Aber, so Irmingard Schewe-Gerigk, ein Gesetz allein erzeuge noch keine gewaltfreie Gesellschaft. Häusliche Gewalt sei heute zwar als gesellschaftliches Problem erkannt, werde aber nach vor wie tabuisiert. Der 1999 beschlossene "Aktionsplan zur Bekämpfung der Gewalt gegen Frauen" habe zum erfolgreichen Aufbau von Kooperationen und Strukturen auf lokaler Ebene geführt. Um so schlimmer sei es, dass Landespolitiker den Sparzwang zum Anlass nähmen, Frauenhäuser zu schließen, obwohl sie dringend benötigt würden - wie in Hamburg und Hessen geschehen und in Berlin geplant. Vor allem finanziell schlechter gestellte Frauen, beispielsweise Migrantinnen, hätten oft keinen anderen Ort, an den sie fliehen könnten. Die aktuelle Studie aus dem Familienministerium beweist daher für die Grünen-Abgeordnete: "Wir brauchen einen Ausbau der Infrastruktur, keinen Abbau."

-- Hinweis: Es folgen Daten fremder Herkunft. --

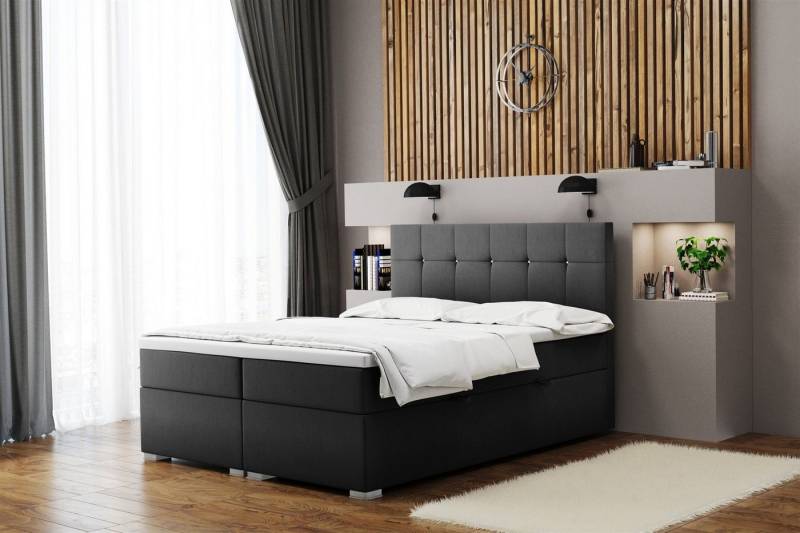 Fun Möbel Boxbett Schlafzimmerbett ABELT Überlänge in Stoff Matt Velvet (incl. Kaltschaumtopper und Bettkästen), Strass-Steine im Kopfteil von Fun Möbel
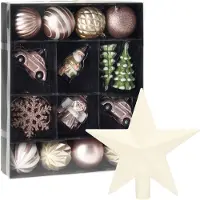 Merkloos Kerstballen en ornamenten incl. ster piek lichtroze/wit kunststof - Kersthangers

Darauf, dass im deutschen, europäischen und internationalen Recht eine Vielzahl differenzierter gesetzlicher Regelungen existierten, die präventiv vor Gewalt schützen beziehungsweise repressiv ihre Anwendung mit Strafe bedrohten, erinnert die SPD-Abgeordnete Christel Humme. Dennoch zeigten die jüngsten Ergebnisse der ersten repräsentativen Studie, dass körperliche sowie sexuelle Gewalt gegen Frauen keine Ausnahme darstellten. Die Parlamentarierin verweist auf ein Ergebnis der Studie, nach dem es noch Defizite bei der Sanktionierung häuslicher Gewalt gibt. Christel Humme: "Nach der aktiven Arbeit der Polizei endet in vielen Fällen bei der Staatsanwaltschaft die staatliche Intervention ohne Bestrafung des Täters. Aber wir wissen auch: Nur wenige Frauen rufen die Polizei oder zeigen gar ihren Peiniger an. Dabei spielen Scham, Bloßstellung und Angst vor weiterer Eskalation der Gewaltsituation eine nicht unerhebliche Rolle. Somit steht nicht die Frage nach mehr gesetzlichen Regelungen oder schärferen Sanktionen im Vordergrund der Betrachtung, sondern wir müssen einen differenzierteren Blick auf die notwendigen Beratungs- und Hilfsangebote sowie Gewaltprävention werfen. Frauen benötigen niedrigschwellige und anonyme Beratungsangebote, sie benötigen gut geschulte Ansprechpartner, auch bei Ärzten, bei der Polizei und den Strafverfolgungsbehörden - und sie brauchen, wenn sie diesen Weg gehen wollen, den Zufluchtshort Frauenhaus."
Bei der Bekämpfung von Gewalt gegen Frauen bedürfe es nach wie vor verstärkter Anstrengungen in den unterschiedlichsten gesellschaftlichen Bereichen, sagt die Sozialdemokratin Christel Humme und ist sich in dieser Forderung einig mit ihren Parlamentarier-Kolleginnen.